▶ [Activity]:
Exactly the lines from the one containing "Роскошное Королевское синее" through the end of the entries, both ends included, are to be output.

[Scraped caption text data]
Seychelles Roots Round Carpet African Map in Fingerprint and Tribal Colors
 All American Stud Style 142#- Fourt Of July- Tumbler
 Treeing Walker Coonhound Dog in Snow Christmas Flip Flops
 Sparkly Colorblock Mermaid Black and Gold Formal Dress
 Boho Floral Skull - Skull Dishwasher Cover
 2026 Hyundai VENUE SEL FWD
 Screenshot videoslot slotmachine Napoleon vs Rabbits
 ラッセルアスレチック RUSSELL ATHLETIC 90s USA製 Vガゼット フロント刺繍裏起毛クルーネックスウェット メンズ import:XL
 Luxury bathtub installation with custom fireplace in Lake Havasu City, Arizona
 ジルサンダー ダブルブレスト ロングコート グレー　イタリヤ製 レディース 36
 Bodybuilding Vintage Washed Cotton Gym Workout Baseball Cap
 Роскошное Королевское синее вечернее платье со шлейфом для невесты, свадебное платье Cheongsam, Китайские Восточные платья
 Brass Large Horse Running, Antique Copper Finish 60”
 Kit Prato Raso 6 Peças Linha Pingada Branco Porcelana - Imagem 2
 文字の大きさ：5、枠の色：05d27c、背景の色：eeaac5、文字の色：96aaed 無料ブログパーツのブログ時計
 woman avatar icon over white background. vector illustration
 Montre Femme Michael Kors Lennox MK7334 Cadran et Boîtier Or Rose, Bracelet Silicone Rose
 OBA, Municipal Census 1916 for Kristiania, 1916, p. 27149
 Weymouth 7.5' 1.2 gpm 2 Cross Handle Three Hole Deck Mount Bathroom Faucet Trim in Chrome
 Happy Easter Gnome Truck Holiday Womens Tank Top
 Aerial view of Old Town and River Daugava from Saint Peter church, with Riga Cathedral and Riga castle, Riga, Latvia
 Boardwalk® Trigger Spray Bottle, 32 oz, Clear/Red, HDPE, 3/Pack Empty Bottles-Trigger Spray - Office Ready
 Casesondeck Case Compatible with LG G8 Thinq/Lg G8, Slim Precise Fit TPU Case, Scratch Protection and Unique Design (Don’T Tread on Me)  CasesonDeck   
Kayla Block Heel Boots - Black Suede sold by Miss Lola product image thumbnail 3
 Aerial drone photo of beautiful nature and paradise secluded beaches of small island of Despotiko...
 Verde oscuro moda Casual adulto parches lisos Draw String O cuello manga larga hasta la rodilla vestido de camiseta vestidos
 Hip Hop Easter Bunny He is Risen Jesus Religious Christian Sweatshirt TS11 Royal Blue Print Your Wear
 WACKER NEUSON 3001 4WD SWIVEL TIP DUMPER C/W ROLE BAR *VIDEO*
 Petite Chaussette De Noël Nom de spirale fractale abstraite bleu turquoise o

▶ [Solution below]:
 Роскошное Королевское синее вечернее платье со шлейфом для невесты, свадебное платье Cheongsam, Китайские Восточные платья
 Brass Large Horse Running, Antique Copper Finish 60”
 Kit Prato Raso 6 Peças Linha Pingada Branco Porcelana - Imagem 2
 文字の大きさ：5、枠の色：05d27c、背景の色：eeaac5、文字の色：96aaed 無料ブログパーツのブログ時計
 woman avatar icon over white background. vector illustration
 Montre Femme Michael Kors Lennox MK7334 Cadran et Boîtier Or Rose, Bracelet Silicone Rose
 OBA, Municipal Census 1916 for Kristiania, 1916, p. 27149
 Weymouth 7.5' 1.2 gpm 2 Cross Handle Three Hole Deck Mount Bathroom Faucet Trim in Chrome
 Happy Easter Gnome Truck Holiday Womens Tank Top
 Aerial view of Old Town and River Daugava from Saint Peter church, with Riga Cathedral and Riga castle, Riga, Latvia
 Boardwalk® Trigger Spray Bottle, 32 oz, Clear/Red, HDPE, 3/Pack Empty Bottles-Trigger Spray - Office Ready
 Casesondeck Case Compatible with LG G8 Thinq/Lg G8, Slim Precise Fit TPU Case, Scratch Protection and Unique Design (Don’T Tread on Me)  CasesonDeck   
Kayla Block Heel Boots - Black Suede sold by Miss Lola product image thumbnail 3
 Aerial drone photo of beautiful nature and paradise secluded beaches of small island of Despotiko...
 Verde oscuro moda Casual adulto parches lisos Draw String O cuello manga larga hasta la rodilla vestido de camiseta vestidos
 Hip Hop Easter Bunny He is Risen Jesus Religious Christian Sweatshirt TS11 Royal Blue Print Your Wear
 WACKER NEUSON 3001 4WD SWIVEL TIP DUMPER C/W ROLE BAR *VIDEO*
 Petite Chaussette De Noël Nom de spirale fractale abstraite bleu turquoise o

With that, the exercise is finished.